Arthur151 / ROMP

Monocular, One-stage, Regression of Multiple 3D People and their 3D positions & trajectories in camera & global coordinates. ROMP[ICCV21], BEV[CVPR22], TRACE[CVPR2023]
https://www.yusun.work/
Apache License 2.0
1.36k stars 231 forks source link

issue with multi-person pose tracking #302

Open dhhjx880713 opened 2 years ago

dhhjx880713 commented 2 years ago

Hi Yu,

we used your work to extract 3D motion from 2D videos. In general, it works quite well for single-person scenarios. Nice work! However, when I tried with multiperson cases, I have two issues:

  1. regarding exporting motion to fbx/bvh. It seems to me that convert2fbx.py only exports the motion for one character.
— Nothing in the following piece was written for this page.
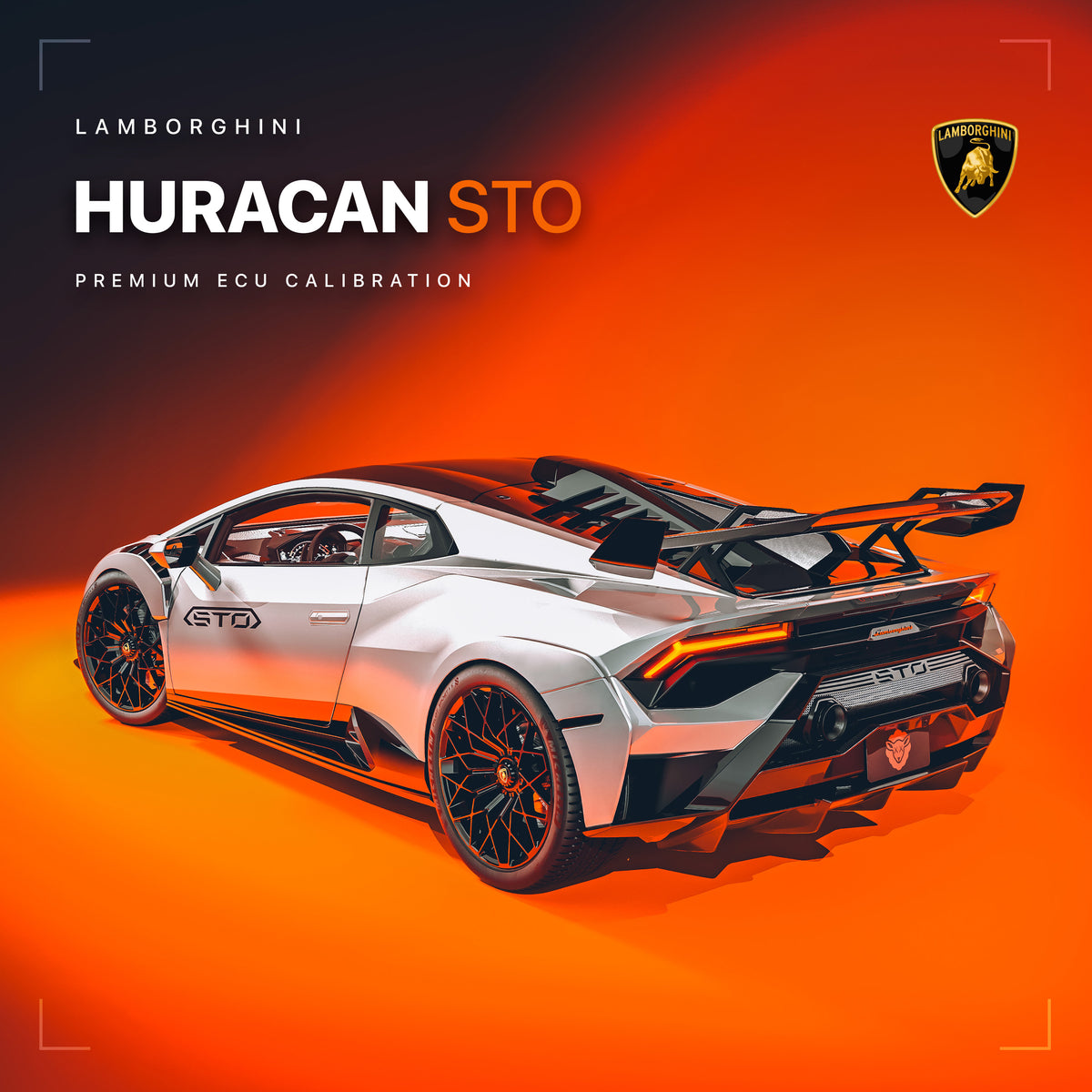 Lamborghini Huracan STO Tune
I looked into .npz file, and the 3D joint position data for all person are there. So this is not really critical since I still can extract 3D motion data.
  2. another issue is a little bit more annoying to me. I noticed that the tracking result seems to be inconsistent for multi-person. You can see an example below. There are two consecutive frames. The estimated poses look fine for me. However, the colors are swapped. I assume the color is the character's identity. And the extract 3D motion is corresponding to the colored skeleton, which is flipped. This might not be a big problem for 3D pose estimation in the video since every person in the scene still has an estimated pose attached. But for the 3D motion, the motion is a mix of two-person and not consistent in time, so you will see a sudden jump at some point in time.

00000012 00000013 It would be great if you can help us with the mentioned issues. Thank you very much in advance.

Arthur151 commented 2 years ago

Hi, @dhhjx880713 , Thanks for your kind words and comments. About the question:

  1. Yes, the fbx export currently only support the motion of one person. We need to select the subject ID during exporting.
  2. Sorry about that. The tracking function is not used by default. If you want to use the tracking function, please set -t during inference. The mesh color represent the depth relations if the tracking is not used.